|Romkens, Mathias - Matt|
Submitted to: Soil Erosion for 21st Century Symposium
Publication Type: Proceedings
Publication Acceptance Date: 10/1/2000
Publication Date: 1/3/2001
Citation: Interpretive Summary: Rilling of soil by runoff is an important mode of soil erosion. Rills are formed in places where runoff concentrates and flow velocities and rates have reached critical values. The areal frequency and depth of rills obtained varies for each hydrologic regime (rainfall intensity, amount, and duration). The beds of the rills often show a surface irregularity or roughness. This roughness is a reflection of the local variation in the erosion resistance of the soil and the energy expenditure by the flow regime (flow rate and velocity). Therefore, a characterization of the bed roughness of the rill may yield valuable information about the soil susceptibility to erode under different concentrated flow regimes. This study analyzes the bed roughness of eroding rills in relation to slope gradient and runoff rate using digital elevation maps. The results of this study show that bed roughness consisted of three roughness components: a low-frequency component, a high-frequency component, and a cyclic component. The latter component reflects the presence of a series of regularly spaced micro-headcuts. This information will be helpful in interpreting the balance between flow expending energy levels and the resistance of the soil to rill erosion.

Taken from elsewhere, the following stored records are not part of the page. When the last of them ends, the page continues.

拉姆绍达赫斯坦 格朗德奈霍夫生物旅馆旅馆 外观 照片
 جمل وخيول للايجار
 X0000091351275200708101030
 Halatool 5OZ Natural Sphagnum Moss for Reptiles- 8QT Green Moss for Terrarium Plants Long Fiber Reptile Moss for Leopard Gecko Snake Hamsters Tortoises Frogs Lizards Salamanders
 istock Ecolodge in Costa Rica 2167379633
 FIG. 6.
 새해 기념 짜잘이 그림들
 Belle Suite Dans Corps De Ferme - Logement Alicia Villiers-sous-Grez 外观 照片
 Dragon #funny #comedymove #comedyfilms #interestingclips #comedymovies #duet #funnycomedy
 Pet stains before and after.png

Technical Abstract: Rills are a major source of sediment in eroding systems. This study investigated the roughness of eroding rills as affected by the slope gradient and runoff rate. In flume experiments, loess soil material was subjected to simulated rainstorms. Roughness of the major rills was determined using digital elevation maps. Results showed that rill bed roughness significantly increased with slope steepness but was not affected by the runoff rate. Generally, three patterns of bed roughness could be distinguished: (1) a low-frequency component indicated the convex/concave shape of the rill length profile, (2) a high-frequency component of undirected roughness with an amplitude proportional to slope steepness, (3) a cyclic component that seemed to reflect a series of regularly spaced micro-headcuts. The frequency of the micro-headcuts tended to decrease with slope steepness, the amplitude increased with slope steepness. The results indicate that rill bed roughness is a dynamic parameter that is affected by slope steepness.